*PROBLEM TO SOLVE:* Within the data below, find the string "Adidas" and return each line where it occurs.

━━━━━━━━━━━━━━━━━━━━━━━━━━━━━━

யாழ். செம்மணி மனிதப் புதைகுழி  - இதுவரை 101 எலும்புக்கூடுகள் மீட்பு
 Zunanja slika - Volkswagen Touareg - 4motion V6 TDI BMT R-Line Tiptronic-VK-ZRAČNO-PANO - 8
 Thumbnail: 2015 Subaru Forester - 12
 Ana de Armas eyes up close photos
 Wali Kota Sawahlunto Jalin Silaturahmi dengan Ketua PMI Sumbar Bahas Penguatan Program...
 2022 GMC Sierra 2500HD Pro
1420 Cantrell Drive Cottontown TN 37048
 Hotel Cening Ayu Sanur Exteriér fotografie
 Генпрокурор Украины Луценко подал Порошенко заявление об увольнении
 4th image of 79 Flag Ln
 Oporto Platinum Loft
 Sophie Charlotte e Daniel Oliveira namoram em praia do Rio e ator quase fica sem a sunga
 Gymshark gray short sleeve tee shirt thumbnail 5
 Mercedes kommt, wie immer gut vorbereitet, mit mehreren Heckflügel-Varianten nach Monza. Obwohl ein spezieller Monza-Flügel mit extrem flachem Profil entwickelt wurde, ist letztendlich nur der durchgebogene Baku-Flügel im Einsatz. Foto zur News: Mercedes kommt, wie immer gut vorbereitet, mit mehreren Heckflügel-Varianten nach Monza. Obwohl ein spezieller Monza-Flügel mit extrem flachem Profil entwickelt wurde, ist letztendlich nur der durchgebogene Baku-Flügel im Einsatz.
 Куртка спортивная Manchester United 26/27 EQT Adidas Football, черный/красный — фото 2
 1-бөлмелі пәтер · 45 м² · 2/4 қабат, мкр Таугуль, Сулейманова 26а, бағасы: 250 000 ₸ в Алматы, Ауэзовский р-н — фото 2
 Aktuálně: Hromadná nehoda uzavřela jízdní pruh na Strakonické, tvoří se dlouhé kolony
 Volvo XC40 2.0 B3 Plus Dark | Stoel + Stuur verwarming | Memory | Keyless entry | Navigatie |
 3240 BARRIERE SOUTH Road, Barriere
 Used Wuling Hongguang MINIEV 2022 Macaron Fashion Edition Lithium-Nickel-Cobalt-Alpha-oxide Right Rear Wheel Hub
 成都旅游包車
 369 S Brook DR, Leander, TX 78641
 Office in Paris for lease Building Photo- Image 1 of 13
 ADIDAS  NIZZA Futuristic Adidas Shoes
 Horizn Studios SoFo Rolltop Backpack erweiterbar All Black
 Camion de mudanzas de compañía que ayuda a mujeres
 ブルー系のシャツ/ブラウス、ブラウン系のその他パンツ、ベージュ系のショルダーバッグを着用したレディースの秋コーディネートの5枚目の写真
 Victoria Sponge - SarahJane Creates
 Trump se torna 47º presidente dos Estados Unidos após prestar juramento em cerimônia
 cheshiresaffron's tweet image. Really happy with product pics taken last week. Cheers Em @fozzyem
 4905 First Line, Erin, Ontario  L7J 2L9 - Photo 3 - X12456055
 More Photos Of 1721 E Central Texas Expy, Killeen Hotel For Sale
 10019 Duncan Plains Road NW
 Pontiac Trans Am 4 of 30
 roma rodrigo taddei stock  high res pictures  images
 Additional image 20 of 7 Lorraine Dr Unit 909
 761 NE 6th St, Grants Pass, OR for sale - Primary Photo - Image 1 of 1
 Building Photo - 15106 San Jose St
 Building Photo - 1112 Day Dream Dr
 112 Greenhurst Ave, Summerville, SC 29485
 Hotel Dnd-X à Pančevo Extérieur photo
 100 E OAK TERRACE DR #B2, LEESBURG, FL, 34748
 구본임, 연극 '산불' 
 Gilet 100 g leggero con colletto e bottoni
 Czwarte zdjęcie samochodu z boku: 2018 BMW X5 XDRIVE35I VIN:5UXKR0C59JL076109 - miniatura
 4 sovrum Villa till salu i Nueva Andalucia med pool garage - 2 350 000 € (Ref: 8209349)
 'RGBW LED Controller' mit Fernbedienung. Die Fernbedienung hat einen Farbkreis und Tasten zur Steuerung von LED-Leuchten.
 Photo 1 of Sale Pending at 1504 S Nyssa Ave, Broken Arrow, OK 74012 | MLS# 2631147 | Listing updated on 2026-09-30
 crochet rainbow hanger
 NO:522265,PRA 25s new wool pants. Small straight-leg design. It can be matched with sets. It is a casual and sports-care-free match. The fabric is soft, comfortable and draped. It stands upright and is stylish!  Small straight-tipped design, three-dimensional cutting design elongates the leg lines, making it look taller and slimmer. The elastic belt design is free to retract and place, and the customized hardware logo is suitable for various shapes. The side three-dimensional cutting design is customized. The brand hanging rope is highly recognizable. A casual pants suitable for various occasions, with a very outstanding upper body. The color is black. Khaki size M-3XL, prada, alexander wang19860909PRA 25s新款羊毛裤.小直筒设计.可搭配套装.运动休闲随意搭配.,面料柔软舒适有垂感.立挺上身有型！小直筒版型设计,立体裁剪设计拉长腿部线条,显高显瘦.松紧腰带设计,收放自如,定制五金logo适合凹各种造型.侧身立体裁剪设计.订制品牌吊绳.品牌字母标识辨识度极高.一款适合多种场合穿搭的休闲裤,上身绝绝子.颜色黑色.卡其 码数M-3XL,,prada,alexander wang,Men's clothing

━━━━━━━━━━━━━━━━━━━━━━━━━━━━━━

*RESULT OF THIS EXERCISE:*
 Куртка спортивная Manchester United 26/27 EQT Adidas Football, черный/красный — фото 2
 ADIDAS  NIZZA Futuristic Adidas Shoes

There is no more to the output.